If a magic genie showed up and offered three wishes for a fulfilling coaching career, they’d be surprisingly practical.

First, I’d wish for intelligent leverage - the ability to multiply my impact through other aligned coaches who are trained in my frameworks and values. Not to dilute the work, but to expand it without sacrificing depth.

Second, I’d want multiple high-impact online training programs that genuinely transform people who may not be able to afford one-to-one coaching. Scalable access without lowering standards.

And third, I’d choose a small group of committed long-term clients - individuals who stay in the work year after year, refining, evolving, and building something meaningful over time.

For me, fulfillment isn’t volume. It’s depth, reach, and sustained transformation.

This is your blank canvas for you to write about anything you want to share that's helped you in your coaching journey, how to be a more effective coach, etc. Feel free to tell your story to inspire our coaching community!

I wasn’t supposed to survive that mountain.

Most people see an avalanche on a documentary and think, “Wow, that’s intense.”

I saw one up close — close enough to feel the mountain inhale before it spat its fury in my direction.

Mt. Rainier. Several years ago.

A climb that started like any other… until the ground cracked, the snow fractured, and the world roared like a freight train hunting for a soul to take.

That day didn’t just knock me down — it stripped me bare.

Everything I thought I was — strong, prepared, untouchable — evaporated in seconds.

And in the silence that followed the chaos, when I realized I was somehow still alive, a truth hit harder than the avalanche itself: I’d been living like a passenger in my own life.

Strong on the outside. But misaligned on the inside.

The world saw discipline, confidence, achievement.

What they didn’t see was the internal drift — the silent erosion that comes from living out of sync with your values, your purpose, and your truth.

The avalanche didn’t break me. It revealed me.

It showed me I had spent years building a life with all the external markers of success… but very few of the internal markers of alignment.

That moment on the mountain became the dividing line of my life.

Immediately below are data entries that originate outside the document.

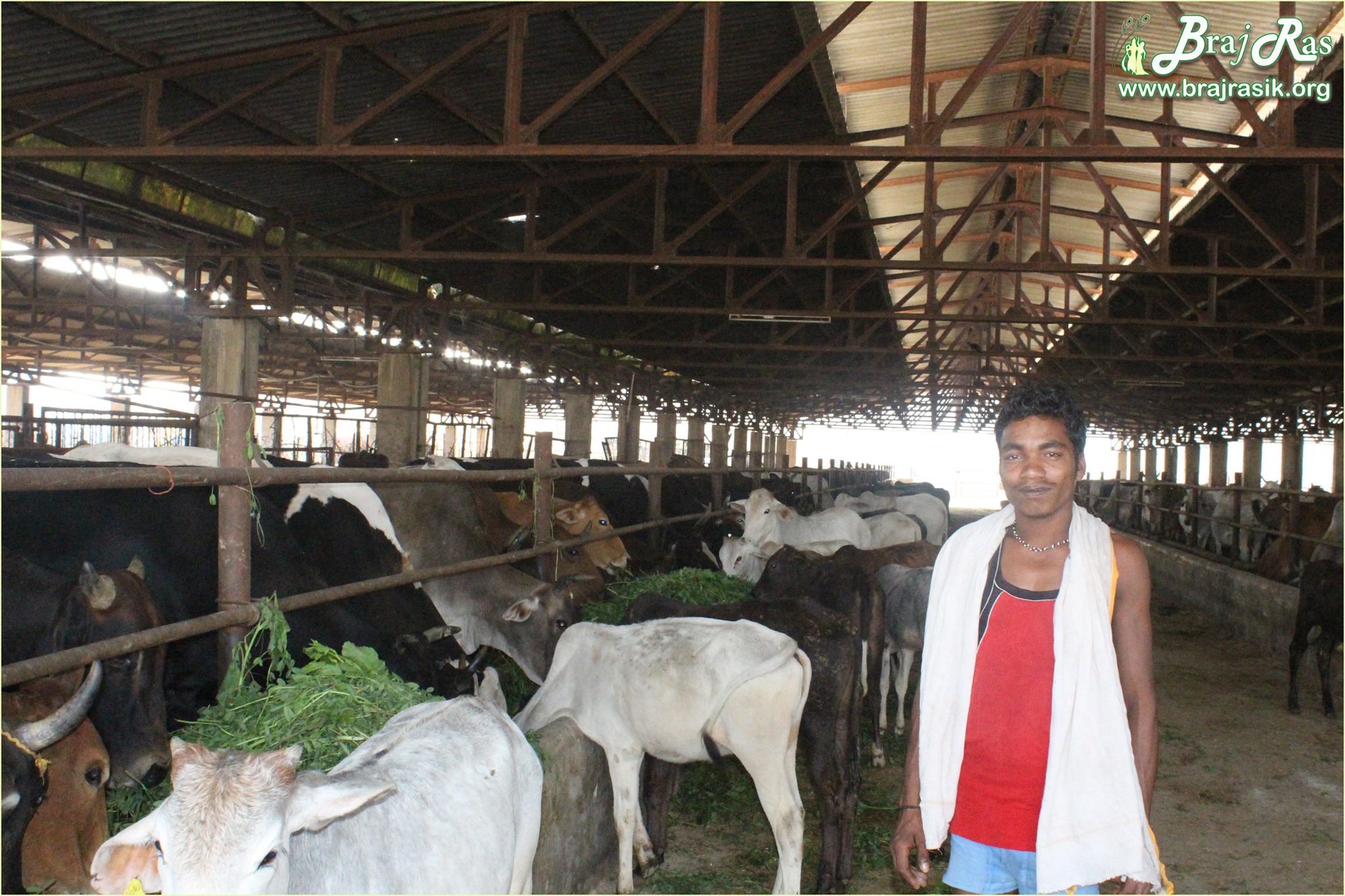Inside view of goshala in Mataji Goshala, Barsana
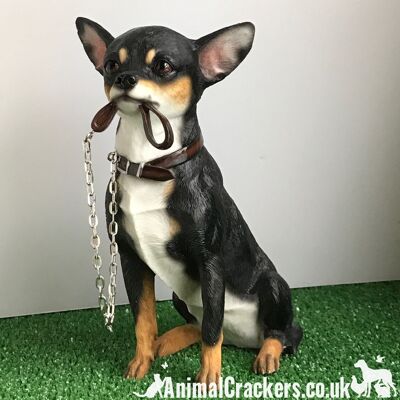 Chihuahua nero e marrone chiaro qualità realistica grande statuina Leonardo da 18 cm. Confezione regalo.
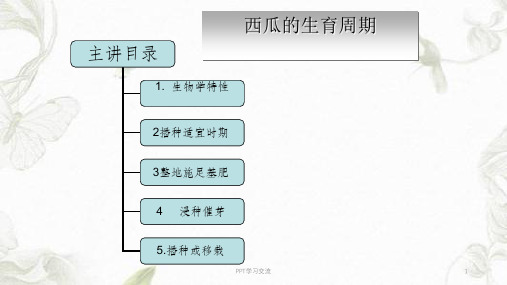 西瓜的生育周期课件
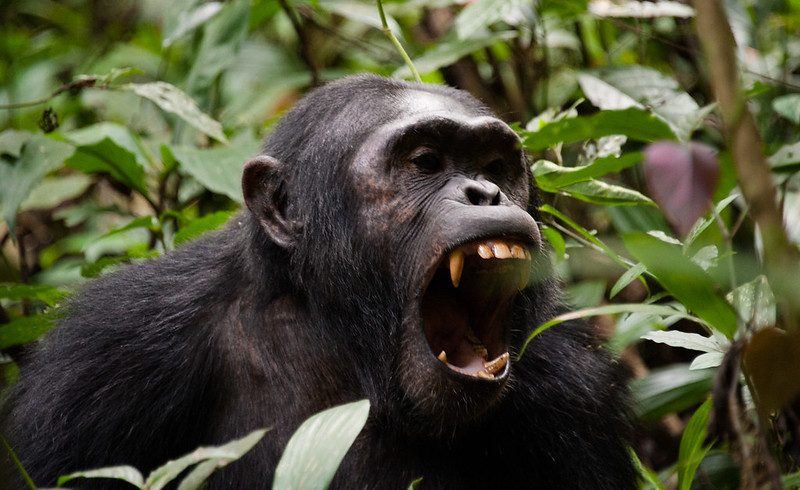 5-Day Uganda Wildlife & Chimpanzee Safari 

Before: Pushing. Grinding. Proving.

Letting approval, productivity, and perfection drive the ship.

Ignoring the subtle signals of burnout and the emotional cost of “just powering through.”

After: Choosing presence over pressure. Purpose over performance. Alignment over achievement for its own sake.

It led me into deep study: Neuroscience. Performance psychology. Human potential. The four warrior archetypes.

NLP, breathwork, spiritual frameworks, martial arts, CrossFit discipline, and years of personal experimentation.

But more importantly — it forced me to confront my truth: If I wanted to live fully, I had to lead myself first.

And eventually… help others do the same.

Today, it's everything I teach — mental strength, emotional agility, spiritual alignment.